This is an old revision of the document!
Indexing a corpus
Introduction
Before you can use a corpus with CWB/CQP you have to encode it in a special format and create a registry file. But don't worry, we have two very handy command-line tool that take care of all that stuff for you: cwb-encode and cwb-makeall. You just have to enter a few parameters, feed them to the encoding tool and you're good to go.

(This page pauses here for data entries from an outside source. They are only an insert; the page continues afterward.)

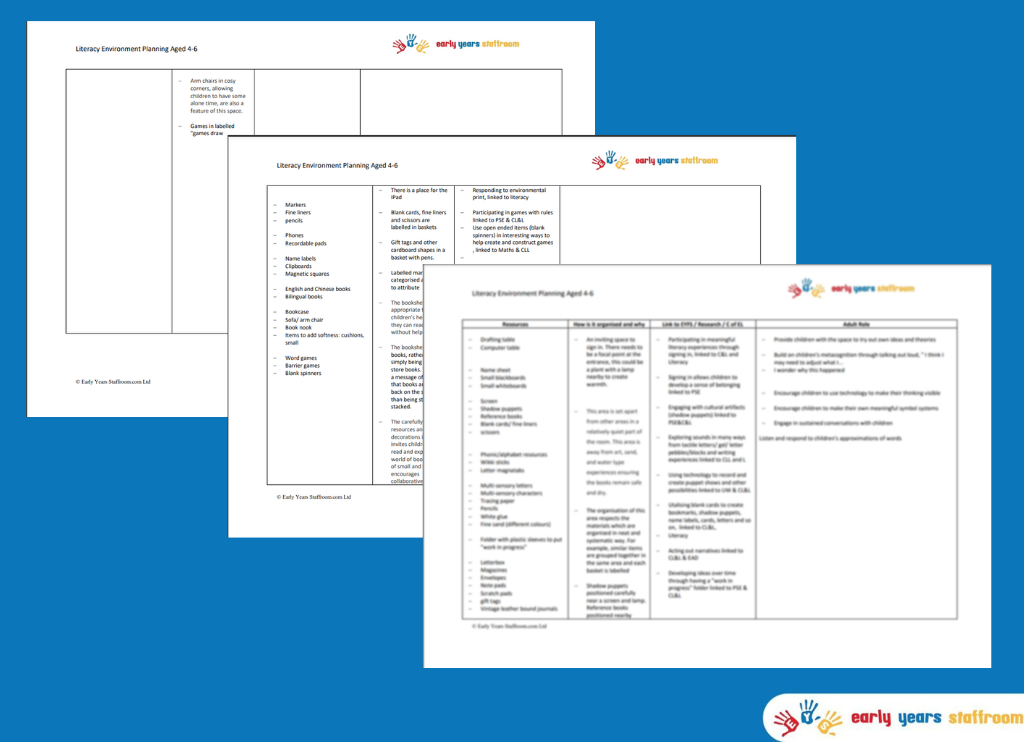 Literacy Continuous Provision Planning Learning Landscape for the Environment EYFS and Year 1 (Aged 4-6)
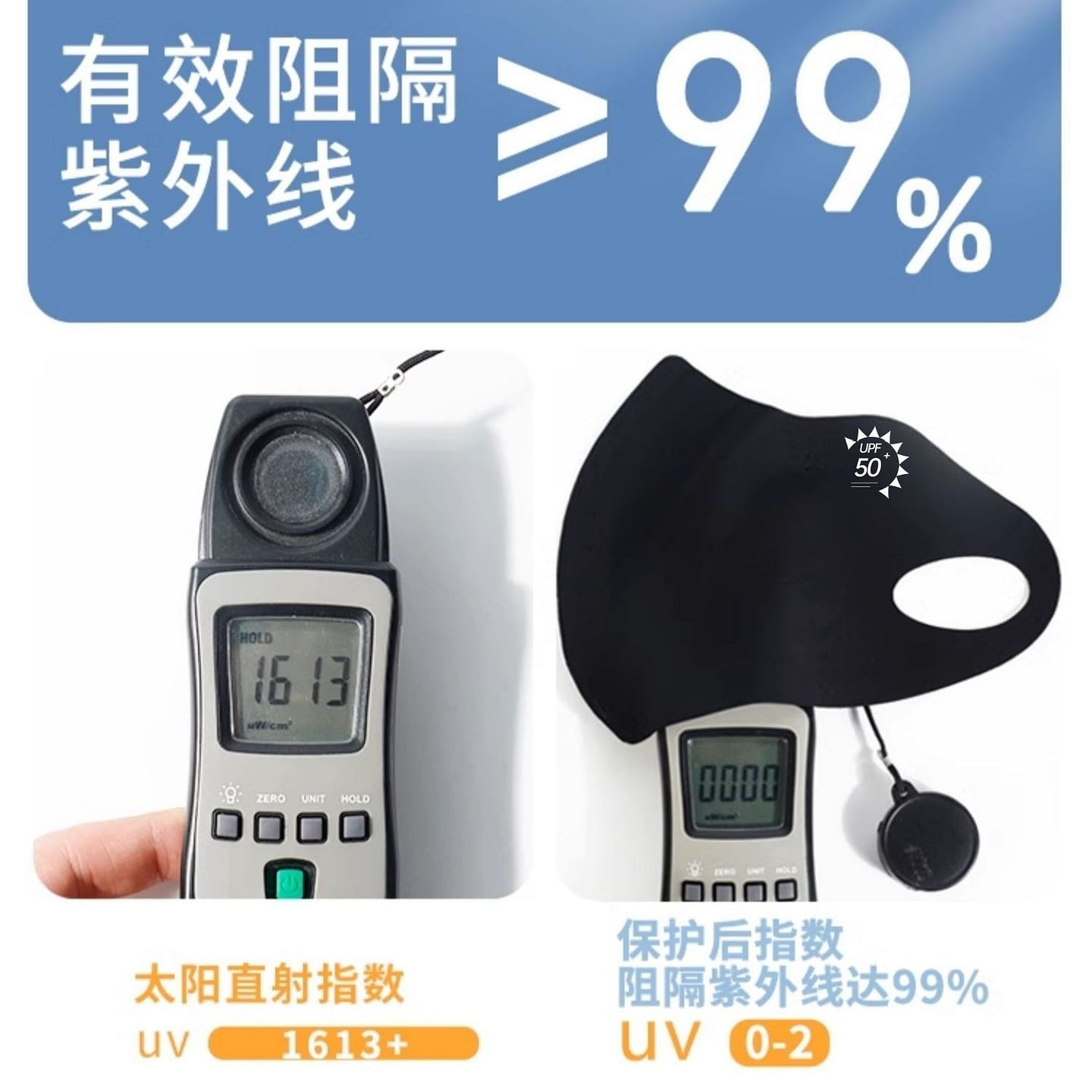Sunscreen mask, UV resistant and breathable 1 each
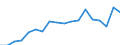 Sex: Total / Age class: From 18 to 24 years / Household composition: Total / Unit of measure: Percentage / Geopolitical entity (reporting): Czechia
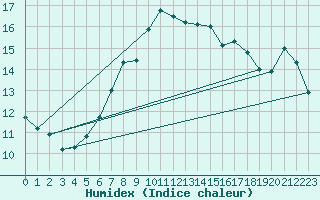 Courbe de l'humidex pour Robiei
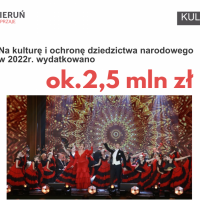 Raport o stanie miasta za 2022 rok (2)
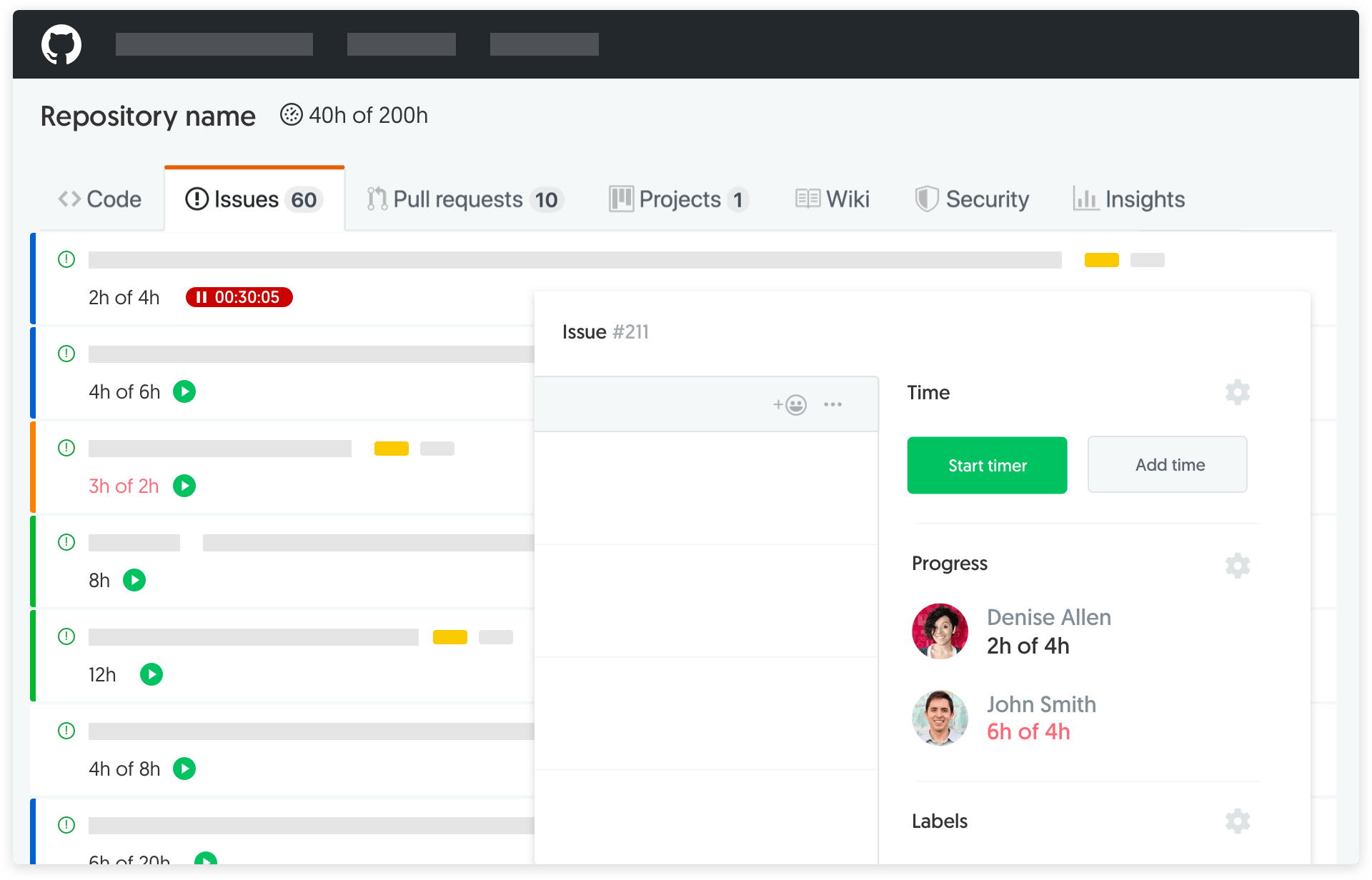 GitHub Project Management: Empowering Collaboration And Success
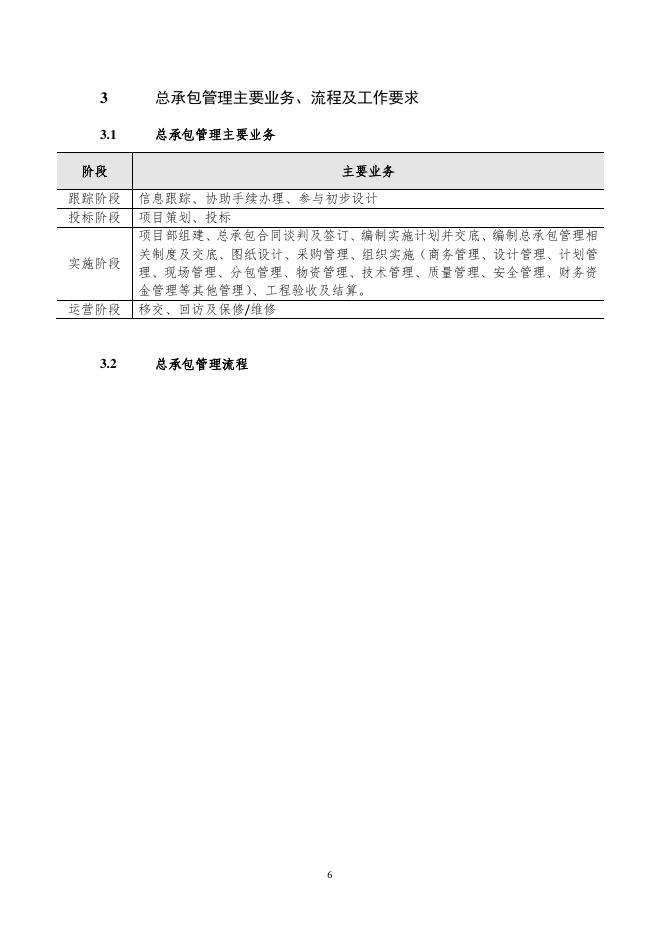 国企EPC工程总承包项目管理实施手册 实战落地指南_第8页
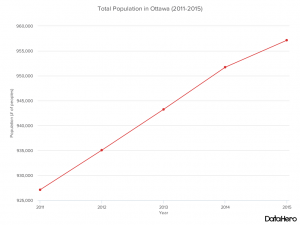 DataHero Total Population in Ottawa (2011-2015)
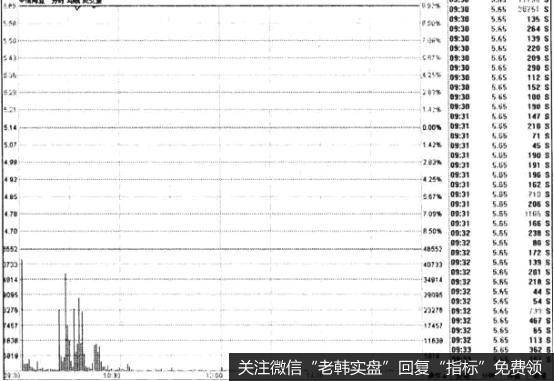 高开大量成交涨停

Indexing your first corpus
Consider a corpus in the following format:
<corpus> <text id="http://www.foo.org/index.html"> <s> volunteers NN2 volunteer work VVB work as PRP as part NN1 part of PRF of a AT0 a team NN1 team and CJC and provide VVB provide help NN1-VVB help </s> <s> [...] </s> </text> <text> [...] </text> </corpus>
A corpus such as this has three positional attributes (word, pos and lemma) and three structural attributes (namely <corpus>, <text> and <s>). In order to encode the corpus using cwb-encode, follow this procedure:
Create a new directory for your encoded corpus, something like mycorpus:
mkdir ~/mycorpus
Now run the encode tool:
cwb-encode -d ~/mycorpus -f filename.xml -R /corpora/c1/registry/mycorpus -P pos -P lemma -V text -S s
In the above example:
- -d ~/mycorpus designates the directory where corpus data will be stored
- -f filename.xml is the filename of the original text file containing the corpus
- -R /corpora/c1/registry/mycorpus is the full path to the registry file containing info about the corpus (i.e. its location, structures, attributes etc.)

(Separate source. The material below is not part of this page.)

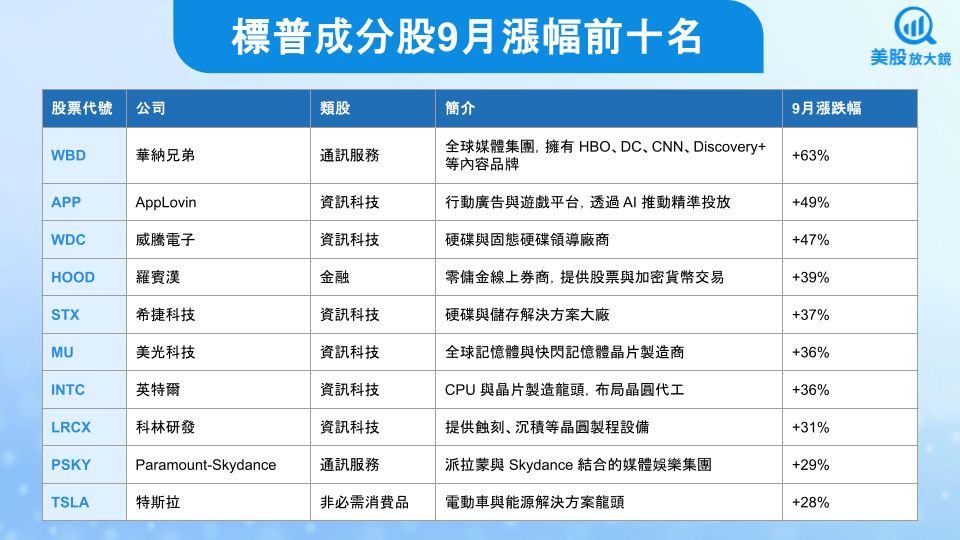 【關鍵趨勢】美股主指 9 月再創巔峰，標普漲幅前十名有誰？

- -P pos tells cwb-encode that the corpus has the positional attribute pos
- -P lemma tells cwb-encode that the corpus has the positional attribute lemma
- -V text tells cwb-encode that the corpus has the structural attribute <text> and that it has annotations
- -S s tells cwb-encode that the corpus has the structural attribute <s>
NB: the word positional attribute is implicit, and we ignore the <corpus>
attribute because it's used to enclose the entire corpus.
Finally, we generate a lexicon and index using cwb-makeall
cwb-makeall -V MYCORPUS
Congratulations, you've just indexed your first corpus!
Test it
OK, now the new corpus should be ready. Fire up CQP:
cqp -eC
and try to use your new corpus:
[no corpus]> MYCORPUS; [MYCORPUS]> "paraphernalia";